The deceased, Benjamin O. Crane, was the assistant superintendent in the employ of the defendants, whose duty it was to see that the machinery in the factory was kept in repair, except that, with respect to the elevators, if they were out of order, it was his duty not to repair but to report to the owners of the building. There was contradictory evidence as to whether Crane knew of any defect in the elevator or of any irregularity in its working previous to the accident. Whether he did or not was therefore a question of fact. In other material aspects the evidence was conflicting. Even where it was not conflicting it was still for the jury to say how much of that which bore against the plaintiff’s contention was entitled to credence. Without reviewing it in detail, it is plain that a verdict for the defendant could not have been directed. Therefore the first request for ruling was properly refused.

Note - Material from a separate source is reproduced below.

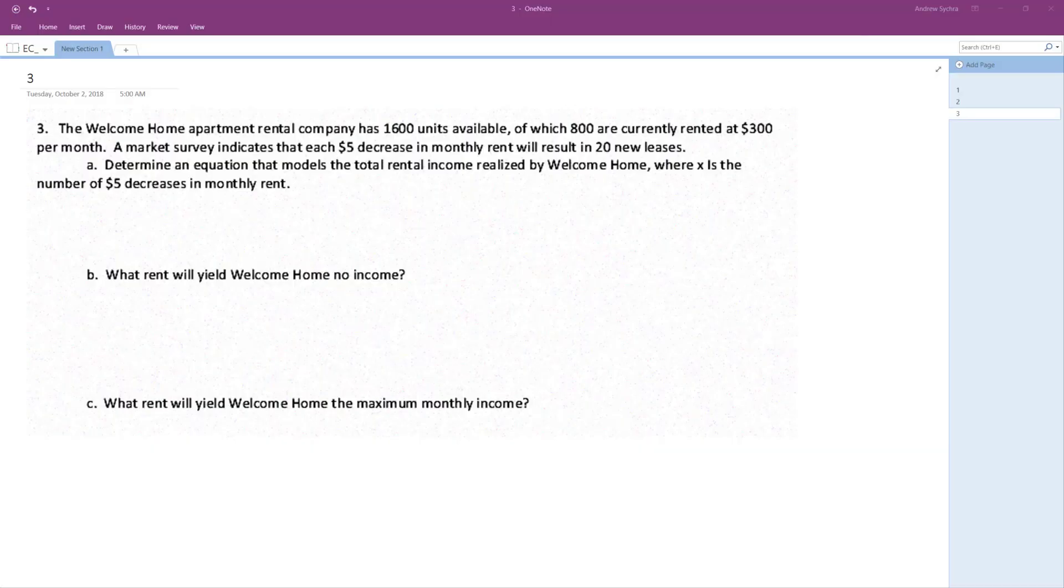All right, the Welcome Home apartment rental company has 1600 units available, of which 800 are currently rented at $300 per month. It's pretty cheap compared to what I've seen. A market survey indicates that each $5 decrease in monthly rent will result in 20 new leases. Well of course, but the kind of tenant you're gonna get is not very good.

As to the several other specific requests for rulings made by the defendants, it is perhaps enough to say that they dealt with particular phases or fragments of the testimony, which were not decisive of the case. It was not the duty of the trial judge to discuss each of these severally, and instruct the jury upon them. It appears that the case was submitted to the jury under, general instructions which were not excepted to. Hence the defendants do not appear to have suffered harm. But if the requests are examined in detail, no error appears in the refusals to grant them. The third request was refused properly, because it omits *292the necessary element, that in the exercise of reasonable prudence it would have been possible for the deceased to have discovered the defect which actually resulted in the injury. The fourth could not have been given because mere knowledge of the condition of the elevator was not sufficient to preclude recovery. There also must have been an appreciation of the risk of its use. The fifth and sixth requests did not correctly state the law as applicable to the evidence. The only evidence that it was dangerous so to pull the shipper as to cause the elevator to descend, when it stuck, came from a foreman in the employ of the defendants, who said he had a general knowledge about machinery but was not an expert, who was not shown on the testimony to have possessed any knowledge as to elevators, and who was the inferior of Crane in position. He testified that he once told Crane not to start the elevator downward when it stuck. It is not, as matter of law, want of due care to refuse to heed the suggestion of one who knows nothing • about the subject respecting which he undertakes to direct, unless there is a duty of obedience. Although experts upon elevators were witnesses, it does not appear that they were asked what might naturally have been expected to be the result of pulling the shipper as the plaintiff’s intestate did under the then known conditions. In the absence of evidence, it cannot be said to have been so plainly a careless act as. matter of common knowledge as to warrant an instruction to that effect.

What has been said respecting the notice in the elevator restricting the number of passengers to ten applies with almost equal force to the Crane case. It is not clear that the notice was in the car at the time of the accident, nor how long before it had been removed, nor could it be said to be certain upon the ■evidence that the accident resulted from the overloading of the elevator.

Judgment on the verdict in each case.